10- Çoğunluk görüşünde de belirtildiği gibi, kırılan beton bloklarda uygun olmayan iri çakıl, ahşap parçası, mil ve organik parçalar, çok iri taşlar, yıkanıp elenmemiş dere malzemeleri, bir kısım betonlarda plastik boru, ahşap parçaları, demir parçalı bulunmuştur. Kısaca yapılan çalışma standartlara uymadığı gibi çok kötü malzeme kullanılmıştır. Bunun yanında projenin iyi etüt edilmeden ve derenin yapısına uygun yapılmadığı ve kontrollerinde ciddi şekilde yapılmadığı dosyadaki bilgilerden anlaşılmaktadır.

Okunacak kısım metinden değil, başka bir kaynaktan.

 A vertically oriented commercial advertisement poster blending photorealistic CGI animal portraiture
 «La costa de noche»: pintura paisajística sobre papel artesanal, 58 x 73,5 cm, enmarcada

11- Olay değerlendirildiğinde kast unsurunun bulunmadığı, ancak oluşan sonuca bakıldığında eylemin olası kastla mı yoksa bilinçli taksirle mi işlendiğinin irdelenmesi gerekmektedir.

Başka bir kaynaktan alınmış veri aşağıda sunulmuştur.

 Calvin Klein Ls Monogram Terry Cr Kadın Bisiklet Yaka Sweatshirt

Bir kere sanıkların kusurları yanında ihale sürecinden, kontrol ve bitirme aşamasına kadar geçen sürede gerekli denetim ve uyarıları yapmayan ilgili kişilerinde kusuru vardır.
Sanıklar ıslah sekilerini yapan şirketin sahibidirler ve bütün işleri de kendileri yürütmüşlerdir.
Olası kast ve bilinçli taksirle ilgili bilimsel görüşlere baktığımızda “Her ikisinde de neticenin öngörülmüş olması söz konusudur. Dolayısıyla ikisi arasında çok ince bir çizgi vardır ve bu çizgi iyi belirlenmediği takdirde kolaylıkla yanlış kararlara varılabilir.
Olası kast bilinçli taksire benzetilebilir. Olası kastta da, fail hareketinin hukuka aykırı bir netice meydana getirebileceğini öngörmektedir. Bilinçli taksirde fail öngördüğü neticenin meydana gelmeyeceği kanısındadır, neticenin meydana gelmesini istemez. Gerçekleşmemesi için gerekeni yapar.
Belirtilmesi gereken husus bu kavramlardan birinin kastın, diğerinin ise taksirin bir çeşidi olduğudur. Bundan çıkan temel sonuç odur ki, bilinçli taksirde neticenin istenmemesi söz konusu olmak gerekir iken; olası kastta fail neticeyi doğrudan istememekte ise de, istememe de bulunmamaktadır. Bu karışık ifadeyi açacak olursak: Fail olası kastta, kendi istediği neticenin dışındaki neticelerin de meydana geleceğini öngörür, bu neticelerin gerçekleşip gerçekleşmemesi karşısında kayıtsızdır, önemli olan ne pahasına olursa olsun gerçekleşmesini istediği bir netice vardır ve bu neticeye bağlı olarak gerçekleşmesi olası olan neticeleri de kabullenir, göze alır. Bu kabullenme, olası kastta püf noktasını oluşturmaktadır. Kişi neticeleri doğrudan istemiyorsa da, gerçekleşmesini de kabullenmektedir. Buna karşılık bilinçli taksirde de fail neticeyi öngörür. Yani neticelerin gerçekleşebileceğini bilir. Ancak bu neticelerin gerçekleşmesini asla istemez. Olası kast ile bilinçli taksirdeki ortak nokta olan “öngörme” bu ikisini birbirinden ayırt etmekte güçlüğe yol açmaktadır. Ancak bu müşterek noktaya rağmen, ikisinin ayrıldığı nokta neticenin kabullenilip kabullenilmemesi noktasıdır. Öngörülen netice kabulleniliyorsa olası kast, kabullenilmiyorsa bilinçli taksir vardır. (Hakan Hakeri, Ceza Hukuku, 10. Baskı,s.232).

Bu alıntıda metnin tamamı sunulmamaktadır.